The script for generating the plots above is appended at the end of this post. It is merely a variation of the script for multivariate normals posted on this blog a few days ago.

Alternatively, we could consider the single group of difference scores. Here I'll use the BEST package, but we could also use the script Jags-Ymet-Xnom1grp-Mnormal-Example.R or Jags-Ymet-Xnom1grp-Mrobust-Example.R from DBDA2E.The result:

Notice that the posterior of the mean of the difference scores (from BEST) is essentially the same as the posterior of the difference of means from the previous analysis. The small discrepancies between the two analyses stem from two sources: First, there is MCMC wobble. Second, the BEST package models the data with a t distribution not a normal.

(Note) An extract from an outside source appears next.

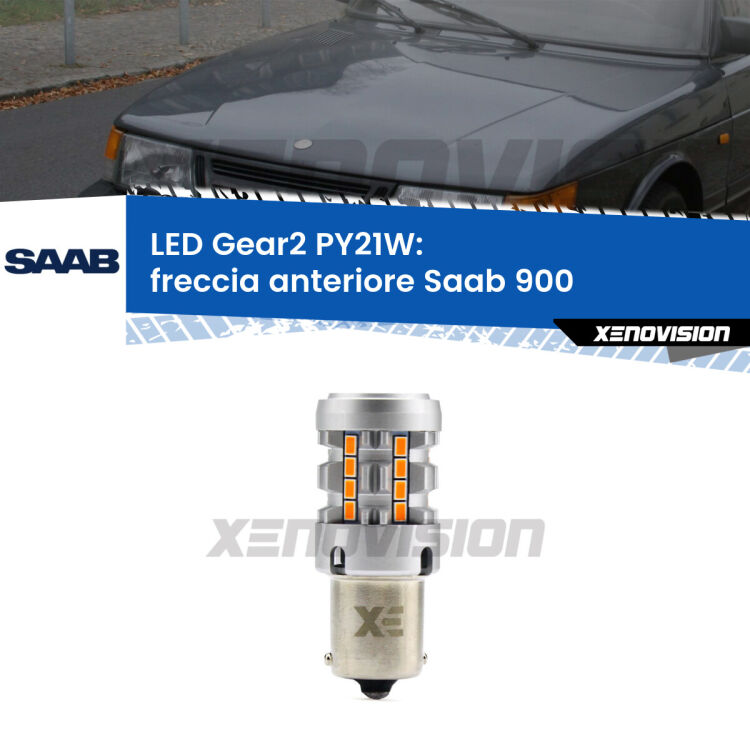 FINE SERIE: NO GARANZIA <strong>Freccia Anteriore LED no-spie per Saab 900</strong>  1993 - 1998. Lampada <strong>PY21W</strong> modello Gear2 no Hyperflash.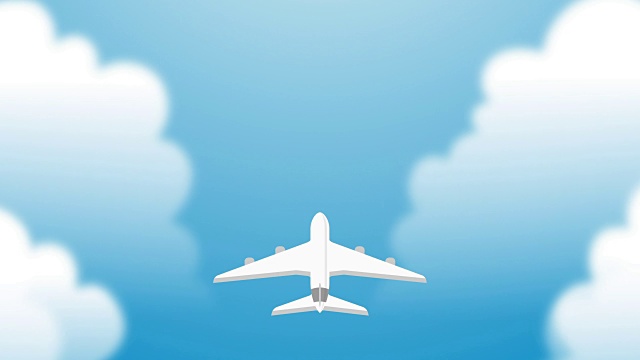 飞机在天空飞行与云彩循环动画4K蓝色梯度背景alpha通道视频素材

In this case the simulated data are generated from a normal so the normality parameter is estimated to be large anyway.


Suppose instead we have negatively correlated pairs of scores (e.g., if one person's job satisfaction is higher than average, then his/her spouse's job satisfaction tends to be lower than average).

We can describe the joint distribution as a bivariate normal, and then consider the posterior distribution of the difference of means, as shown below:




Notice that these negatively-correlated data have exactly the same arithmetic difference of means and exactly the same variances as the data in the previous example. The only difference is the correlation. Now, for negatively correlated pairs, the estimated difference of means is essentially the same as for the previous data (only MCMC wobble makes the mode discrepant), but the estimate is much less certain, with a much wider HDI.

Analyzing the mean of the differences scores yields the same result:

The R script for generating the plots is appended below, but first,

Reminders of some recent posts:



Appendix: R script used for this post:


#----------------------------------------------------------------------------
# Jags-DifferenceOfPairedScores.R
# John Kruschke, June 2017.
# For further info, see:
# Kruschke, J. K. (2015). Doing Bayesian Data Analysis, Second Edition:
# A Tutorial with R, JAGS, and Stan. Academic Press / Elsevier.

# Optional generic preliminaries:
graphics.off() # This closes all of R's graphics windows.
rm(list=ls())  # Careful! This clears all of R's memory!

#--------------------------------------------------------------------------
# Load the data:
#--------------------------------------------------------------------------

# For real research, you would read in your data file here. This script expects
# the data to have two columns for the paired scores, one row per pair. No
# missing data.
#
# myData = read.csv("YourDataFileName.csv")
# y = myData[,c("ColumnNameOfPreScore","ColumnNameOfPostScore")]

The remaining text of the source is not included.